Sir Henry Wotton (1568 - 1639 / England)
Doctor B. Of Tears
Who would have thought, there could have bin
Such joy in tears, wept for our sin?
Mine eyes have seen, my heart hath prov'd
The most and best of earthly joyes:
The sweets of love, and being lov'd,
Masks, Feasts, and Playes, and such like toyes.

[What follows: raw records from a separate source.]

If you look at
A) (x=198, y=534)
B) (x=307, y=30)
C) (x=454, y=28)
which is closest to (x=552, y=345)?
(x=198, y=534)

Yet, this one tear, which now doth fall,
In true delight exceeds them all.
2. Indeed, mine eyes at first let in
Those guests that did these woes begin,
Therefore mine eyes in tears, and grief,
Are justly drown'd: but, that those tears
Should comfort bring, is past belief:
Oh God! in this thy grace appears,
Thou that mak'st light from darkness spring,
Mak'st joyes to weep, and sorrows sing.
3. Oh where am I? what may I think?
Help, help, alas my heart doth sink;
Thus lost in seas of woe,
Thus laden with my sin,
Waves of despair dash in,
And threat my overthrow.
What heart opprest with such a weight
Can chuse but break, and perish quite?
4. Yet, as at Sea in storms, men use
The Ship to save, the goods to lose;
So, in this fearfull storm,
This danger to prevent,
Before all hope be spent,
I'le chuse the lesser harm:
My tears to seas will convert,
And drown my eyes to save my heart.
5. Oh God my God, what shall I give
To thee in thanks? I am and live
In thee, and thou didst safe preserve
My health, my fame, my goods, my rent,
Thou mak'st me eat while others sterve;
Such unto me thy Blessings are,
As if I were thy only care.
6. But, oh my God! thou art more kind,
When I look inward on my mind:
Thou fill'st my heart with humble joy,
With patience, meekness, fervant love,
(Which doth all other loves destroy)
With faith (which nothing can remove)
And hope assur'd of heavens bliss;
This is my state: thy grace is this.